Co-founding the Chandaria Foundation with her husband Manu almost 60 years ago, Aruna prefers keeping a low profile.

But ever since they moved in 1969 to Nairobi’s Muthaiga, into the home of the former Cabinet Minister Bruce McKenzie, she has been a masterful homemaker and dedicated gardener.

She is also an author, having compiled ‘The World of Rice: 101 Delicious Recipes’, and a craftswoman whose tapestries adorn multiple walls in her beautiful home.

But it’s the garden, including her three greenhouses, that have given her the highest public profile since she has won a myriad of awards over the years, for both her flowers, especially her orchids and also from her tasteful floral arrangements.

“I studied at the Sogetsu School of Ikebana in Japan,” says Aruna who is a qualified teacher of this age-old Asian art.

Having made several trips to Japan over the years, she also learnt the art of creating and caring for Bonsai trees.
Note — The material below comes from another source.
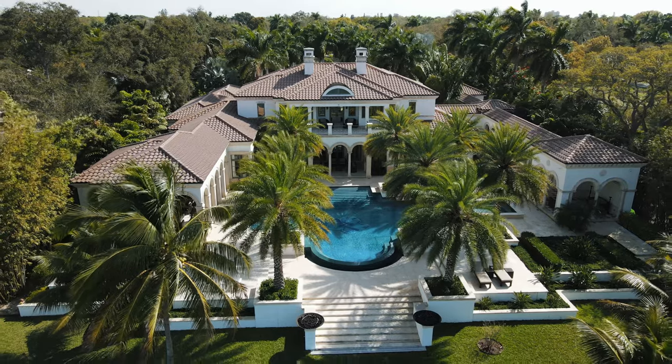I feel like I'm at a resort. I feel like I'm at a hotel — it's that beautiful. Ritz-Carlton. This is my own little mini Ritz-Carlton, but it's 10,000 square feet, so it's not so mini.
She has a number of these graceful miniature trees doing well in one of her green houses.

The greenhouses are where most of her orchids are coming into bloom.
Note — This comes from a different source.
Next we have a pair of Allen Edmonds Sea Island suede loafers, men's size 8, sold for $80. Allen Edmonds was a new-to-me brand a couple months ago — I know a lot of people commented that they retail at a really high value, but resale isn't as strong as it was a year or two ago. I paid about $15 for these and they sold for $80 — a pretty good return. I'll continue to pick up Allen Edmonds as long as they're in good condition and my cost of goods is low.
“Unfortunately, this is not the season for most of my plants to be in bloom,” she says, adding that October is a better month to come back and see the garden in its full glory.

Nonetheless, Aruna’s five-acre garden is a showcase of greenery and glowing colours that makes a walk around the grounds a glorious opportunity to see both indigenous and exotic plants, shrubs and trees.

“As we have travelled [extensively] over the years, I have managed to pick up plants in many countries,” says Aruna, recalling how she has got permits to bring in exotic plants from Singapore, Malaysia and Holland as well as from Australia, India, New Zealand and elsewhere.

“I even have one from the Belgian ambassador who I used to share cuttings [from the garden] with; and then he shared one of his Belgian plants in return,” she adds.

The one shrub that never lets Aruna down irrespective of the season is the bougainvillea.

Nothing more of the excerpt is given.